走破性は車軸とエンジンが同じように後方になるので、良いといえます
FFはエンジンの他に人間の重量も掛かるのでRRより有利です
運転の難易度は後方に重量物がある独特の感じになるそうなので難しいと思います
一旦リアタイヤが滑ると立て直すのに苦労するでしょう
居住性や燃費、コストはリアエンジンが殆ど Porsche くらいしか作っていないので良くはないです
そういったことを度外視して作られています
(構造的にはFF同様有利になりますが・・・)
結局どれが良いか?
これらの特徴を踏まえるとFFをおススメします
4WDも欠点を許容できれば非常におススメです
ちなみに私は4WDを選びました
タイヤとチェーン
タイヤは夏タイヤ (ノーマルタイヤ) と冬タイヤ (スタッドレスタイヤ) に大別されます
基本的に雪山を目指すなら、冬タイヤ+チェーン携行が良いでしょう
冬タイヤ (スタッドレスタイヤ)
冬タイヤスタッドレスタイヤとも呼ばれていて、雪道や氷道を走行することを想定して作られているタイヤのことを指しています
古くはタイヤに陸上のスパイクのようなトゲ (スタッド) を付けたものでしたが、雪道でない道路を痛めてしまうのでトゲのないタイヤとして開発されました
夏タイヤとの違いは大きく3つです
①低温でもゴムが硬くなりにくい
②路面の水分を吸収する細かい溝がある
③雪に食い込むような溝 (パターン) になっている
①ゴムは温度によって硬度が大きく異なります
低温ほど硬く、高温になると柔らかくなります
雪道では温度が低いのでゴムが硬くなりやすいです
硬くなると路面の凸凹にぴったりと密着することができなくなりタイヤが滑りやすくなってしまうので、冬タイヤでは低温でも硬度が高くならないように成分を工夫しています
②③BRIDGESTONEの解説が分かりやすいです
CMで聞く “乾いた氷は滑らない” です
注)一般的に氷が滑りやすいのは水の膜ができるためと考えられていますが、正確にはまだ解明されていない物理現象です
まず、雪や氷はタイヤの圧力によって融点が下がる (水の方が氷よりも密度が高い為) のでタイヤが載ったところで氷が溶けて※水の膜ができ、滑りやすい状態になります
これを冬タイヤの表面にある細かい溝 (や孔) で吸収することで滑ることを抑えています
※融点はどんなに圧力が上がっても-22℃程度よりも下がることはないので、極端に寒い地域では水にはなりませんので逆に安全です(笑)
また、乾いて滑りにくい状態になっているとはいえ、そもそもの摩擦係数が低い (静止摩擦係数µ=0.1~0.5程度) ことと、一度滑り出したら摩擦係数が殆ど0 (動摩擦係数µ’=0.1以下) なので摩擦以外で抵抗力を発生させなければ危険です
そこで雪に引っ掛かるようにエッジが多くなるようなパターンとなっています
※乾いたアスファルトの静止摩擦係数が0.8程度 (スポーツタイヤは1.0程度)、濡れた路面が0.4~0.6程度です → DUNLOP解説頁
チェーン
冬タイヤを装着していても滑ってしまう状況があります
例えば、パウダースノーが厚く積もった場合などです
このような環境では冬タイヤだけでは不十分でチェーンを装着して雪により引っ掛かりやすくしてあげることで走ることができます
取り付ける車輪は基本的に駆動輪となります
4WDの場合はより車重の掛かる車輪 (車検証に載ってます)、殆どの車は前輪です
もちろん四輪全てに付けてもOKです
チェーンは各商品で取り付け方が異なるので事前に予習しておくことをおススメします
夜中に寒い中、なかなか取り付けられないと悲惨です。
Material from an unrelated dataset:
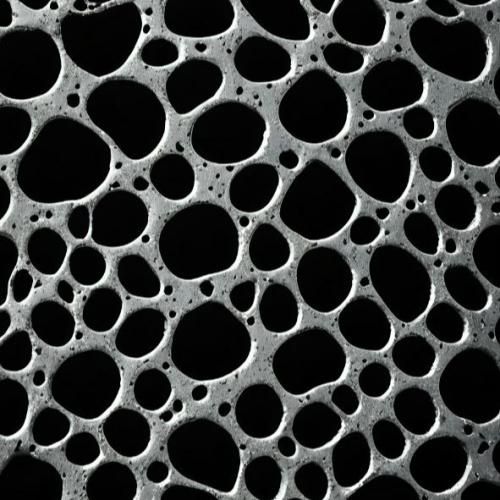 دانلود ریمیکس جدید ولی چی میشه کرد صدای های تو سرم نمیشه قطع دانلود ریمیکس جدید ولی چی میشه کرد صدای های تو سرم نمیشه قطع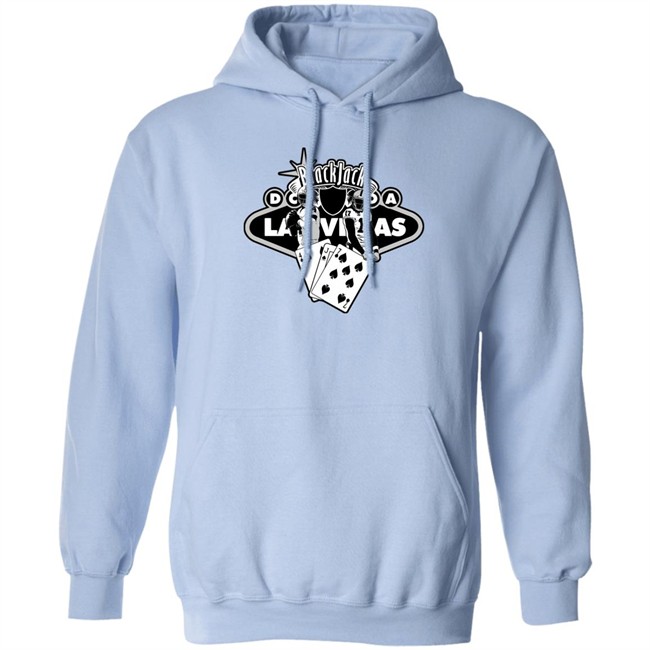 Raider Nation Dc4lcustomtees Merch 4+17=Blackjack Dc4lcustomtees Merch 4+17=Blackjack Raider Nation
。。
また、チェーンで舗装路を走るとチェーンが切れて車軸に絡まったりする危険性があるので、雪が深い場所だけで使うようにしましょう
非金属製で舗装路もある程度走れるものもあるようです。
但し、私は使ったことが無いのでどれほど使えるのかは分かりませんので、悪しからず。
タイヤサイズ
冬タイヤのサイズについてです
一般的には夏タイヤと同じサイズにしている方が多いと思います
基本的には夏タイヤと同じで良いのですが、細いタイヤを選択できるならその方が雪道では有利です
その理由は、細いタイヤだと雪との接地面積が小さくなるので、タイヤが雪に食い込みやすくなり滑りにくくなります
それとチェーンも付けやすくなります
細いタイヤを付ける場合はインチダウンなどしてご自分の車の車重に耐えられるタイヤを選ぶ必要があります
・BRIDGESTONE – 空気圧別負荷能力対応表 (LI値と空気圧と耐荷重)
・DUNLOP – インチアップ、サイズ変更について
エアゲージがあると空気圧の調整に便利です。
今はこんなものにもデジタル表示があるようです。
燃料 (主に軽油は注意!)
軽油は低温地域に行くと凍ってしまうことがあります
(ガソリンは-100℃以下という超低温なので気にしなくてOK)
その為、雪国では凍結防止の添加剤を加えた軽油を販売しています
雪山へ向かう前に必ず現地近くで給油をしましょう
以下に軽油の種類ごとの温度をまとめますので参考まで
夏場は特1号 or 1号の軽油が販売されます
冬季は寒冷地では3号 or 特3号が販売されます
(冬季の寒冷地以外は2号軽油です)
目詰まり点を下回ると燃料が噴射できずにエンジンが掛からない可能性があります
軽油の種類 | 特1号 | 1号 | 2号 | 3号 | 特3号 |
---|---|---|---|---|---|
流動点 | +5℃以下 | -2.5℃以下 | -7.5℃以下 | -20℃以下 | -30℃以下 |
目詰まり点 | – | -1℃以下 | -5℃以下 | -12℃以下 | -19℃以下 |
但し、これらは全て販売されている軽油に入れ替えた場合なので、なるべくタンク内の軽油を減らしてから給油できるように調整して下さい
冷却水とウォッシャー液
地味なことですが、冷却水とウォッシャー液にも気を付けたいですね
いずれも殆ど (売ってる状態の) 原液にすれば-20℃~-30℃程度まで凍らないようになりますので、目的地の温度に合わせて希釈量を調整して下さい
(どれだけ薄めるかはパッケージの説明欄に書いてあります)
冷却水は凍ってしまうとオーバーヒートにもなりかねないので必ず確認して下さい
ウォッシャー液は出なくても構いませんが、寒冷地は融雪剤が撒いてありフロントガラスなどがかなり汚れるのでウォッシャー液が凍らない対策をしておくと良いです
調合済みでそのまま使えるクーラントです。
希釈せずに使えば-40℃まで使えます。夏場は冷却効果が下がるので薄めた方が良いです。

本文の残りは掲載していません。